Output the entries that follow character for character. Leave every image out.
Entries supplied Start Marker
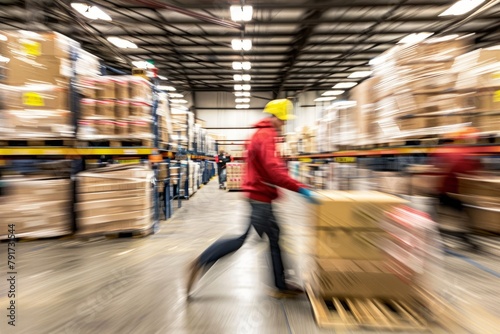 A person in a warehouse is actively moving boxes amidst a busy environment filled with pallets and merchandise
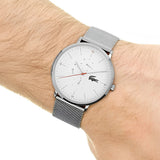 Lacoste Moon Multifunction White Dial Silver Steel Strap Watch for Men - 2011025 Authentic Buy Shop Now
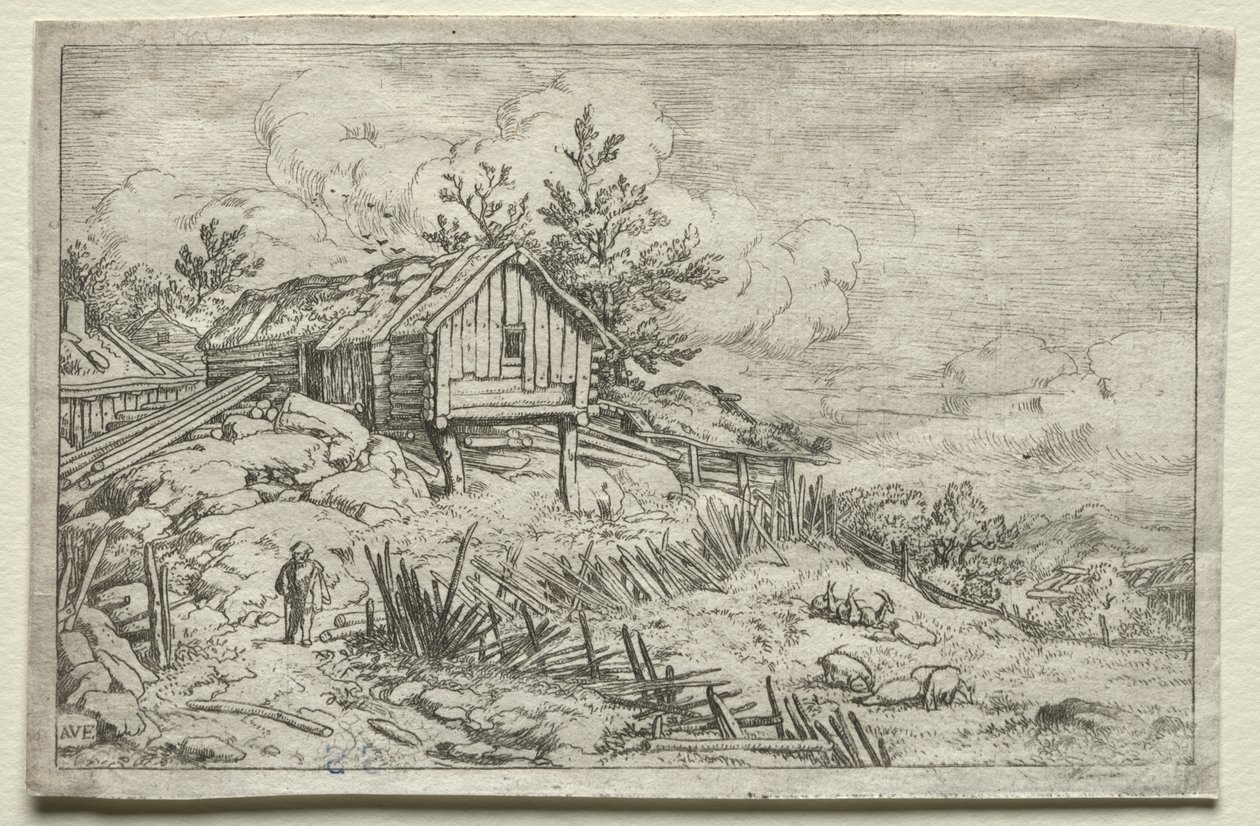 Mann i Gateway of Deserted House. av Allart van Everdingen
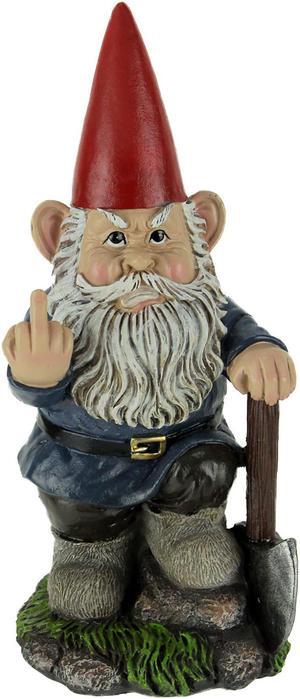 You Dig? - Grumpy Garden Gnome Digging with Shovel Flipping The Bird Middle Finger Statue for Indoor or Outdoor Home and Garden Décor, 8.75 Inches High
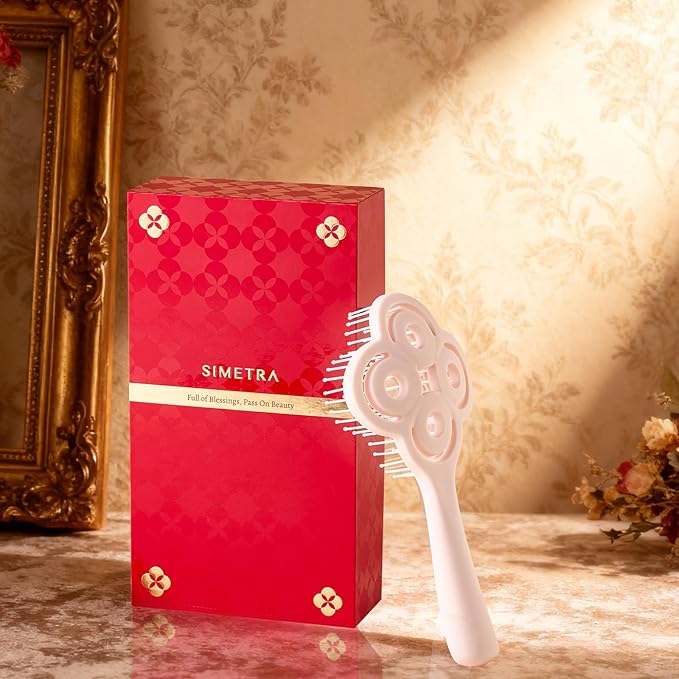 Simetra Detangler Hair Brush for Woman and Men, Original Detangling Brush for Curly Hair/Fine &Thick/Wet & Dry Hair, Holiday Present Hairbrush - Natural Crystal Inlay & 14K Gold Plating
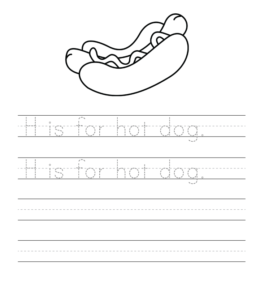 H is for Hot Dog writing sheet  for kids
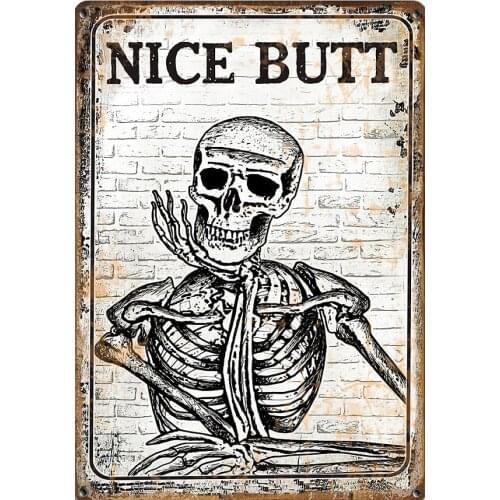 Nice Butt Skeleton Tin Sign Halloween Skull Wall Decor for Home Retro Skull Coffee Bar Living Room Wall Decoration 8x12 Inch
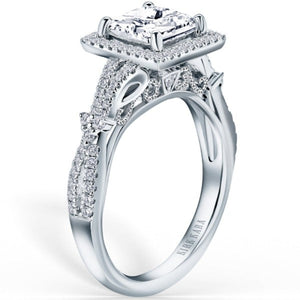 Kirk Kara White Gold Pirouetta Large Princess Cut Halo Diamond Engagement Ring Angled Side View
Entries supplied End Marker
- Result for this exercise -
 A person in a warehouse is actively moving boxes amidst a busy environment filled with pallets and merchandise
 Lacoste Moon Multifunction White Dial Silver Steel Strap Watch for Men - 2011025 Authentic Buy Shop Now
 Mann i Gateway of Deserted House. av Allart van Everdingen
 You Dig? - Grumpy Garden Gnome Digging with Shovel Flipping The Bird Middle Finger Statue for Indoor or Outdoor Home and Garden Décor, 8.75 Inches High
 Simetra Detangler Hair Brush for Woman and Men, Original Detangling Brush for Curly Hair/Fine &Thick/Wet & Dry Hair, Holiday Present Hairbrush - Natural Crystal Inlay & 14K Gold Plating
 H is for Hot Dog writing sheet  for kids
 Nice Butt Skeleton Tin Sign Halloween Skull Wall Decor for Home Retro Skull Coffee Bar Living Room Wall Decoration 8x12 Inch
 Kirk Kara White Gold Pirouetta Large Princess Cut Halo Diamond Engagement Ring Angled Side View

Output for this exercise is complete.